30-second answer: Account-based advertising (ABA) targets paid media to specific named companies on a target account list, rather than persona-level audiences. The vocabulary spans audience-class terms (account list, lookalike, retargeting, contact-level), platform-class terms (LinkedIn matched audiences, programmatic display, CTV, paid social), creative-class terms (account-named, industry-named, persona-rotated), and measurement-class terms (account reach, account engaged, view-through, account-level CPM, ABM ROAS). This glossary defines 22 ABA terms.
A target account audience is a paid-media audience built directly from the named TAL, with the platform matching domain, company name, or stitched IDs to its own account graph. It is the foundational audience type in ABA. See target account list.
A lookalike audience expands targeting to companies similar to a seed list of high-value customers, used when the TAL is too small to spend efficiently. Lookalikes are the standard scale-out lever in ABA.

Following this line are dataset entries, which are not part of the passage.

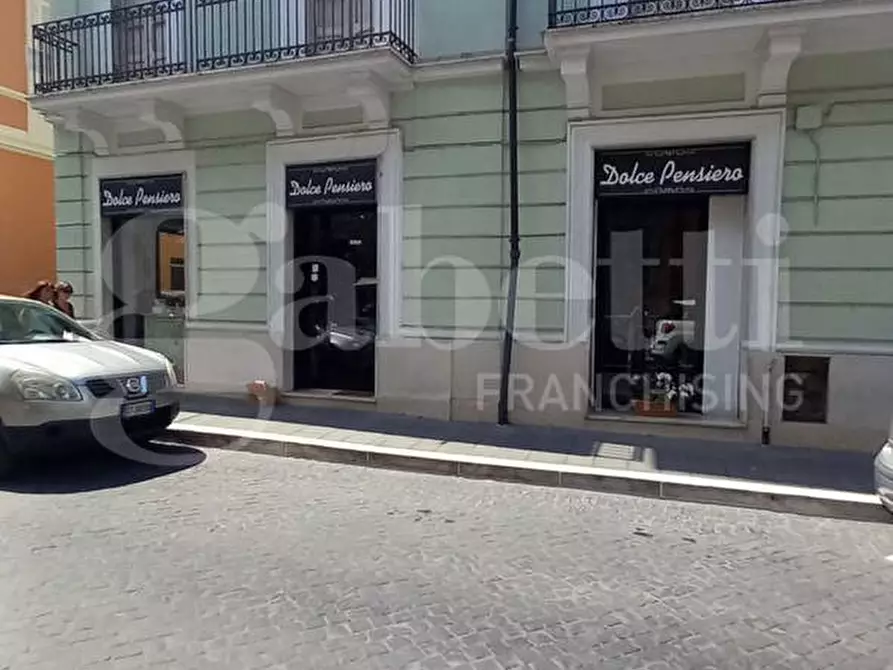 Immagine 2 di Negozio in affitto  in Via Ciittadella, 2 a Sora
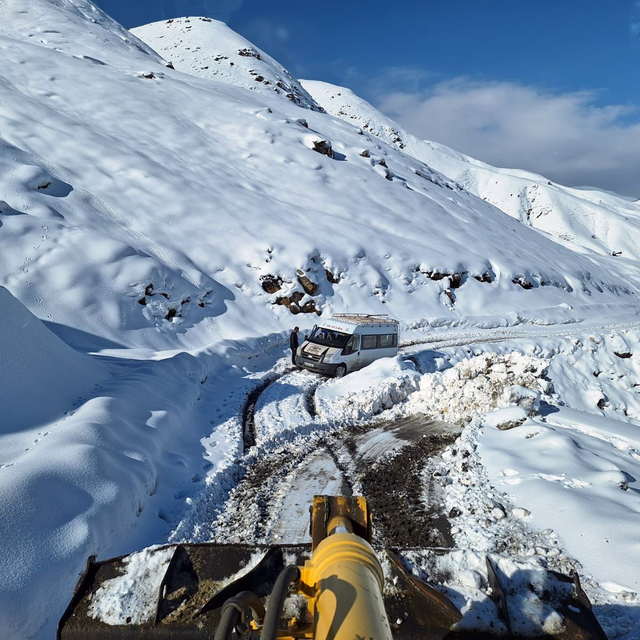 Siirt-Şırnak kara yolunda kar nedeniyle mahsur kalan araçlar kurtarıldı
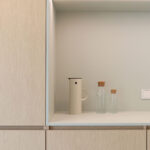 Maatwerkmeubels in een kinderdagverblijf, uitgevoerd in de naturelkleurige LG23 Matrix met voelbare houtstructuur.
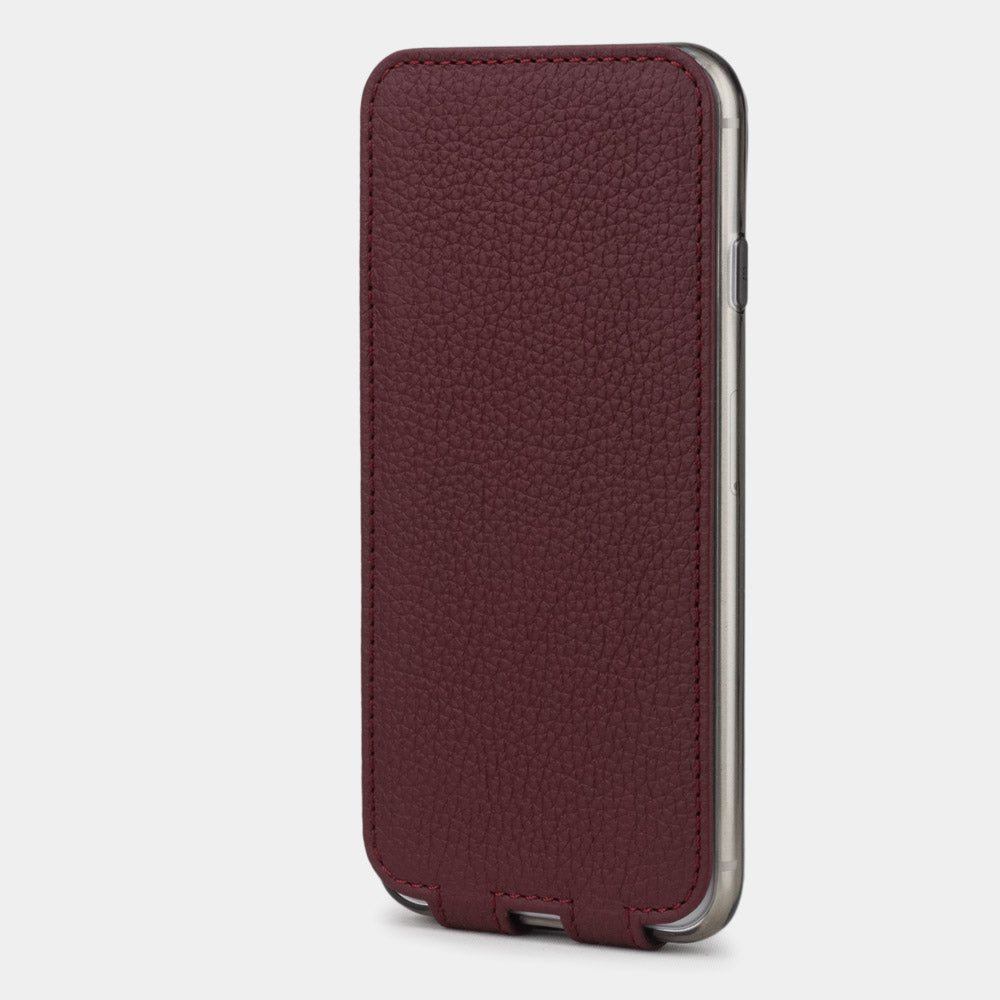 Funda de piel Burdeos para iPhone SE - vista vertical cerrada que muestra la tapa magnética protegiendo completamente la pantalla, silueta elegante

A contact-level audience targets named individuals at target accounts (often hashed emails) rather than companies. It is more precise than account-level when the platform supports it.
A retargeting audience targets visitors who already engaged with the vendor's site or content. ABA retargeting filters retargeting pools further to keep spend on TAL accounts only.
A negative account list excludes specified companies (existing customers, customers in renewal, ineligible verticals) from ABA campaigns. Negative lists prevent wasted spend on unreachable or unwanted accounts.
LinkedIn matched audiences accept uploaded company-name or domain lists and match them against LinkedIn's company database for paid targeting. It is the dominant ABA platform because LinkedIn's firmographic targeting is native. See how to launch ABA on LinkedIn.
Programmatic display buys banner inventory across the open web through automated exchanges. ABA programmatic uses account-graph integrations to target named accounts at the household-IP level.
Connected TV serves video ads on streaming platforms. ABA CTV is emerging in 2026 because IP-based household match enables account-level targeting on the largest screen in the home, which often is the executive's home.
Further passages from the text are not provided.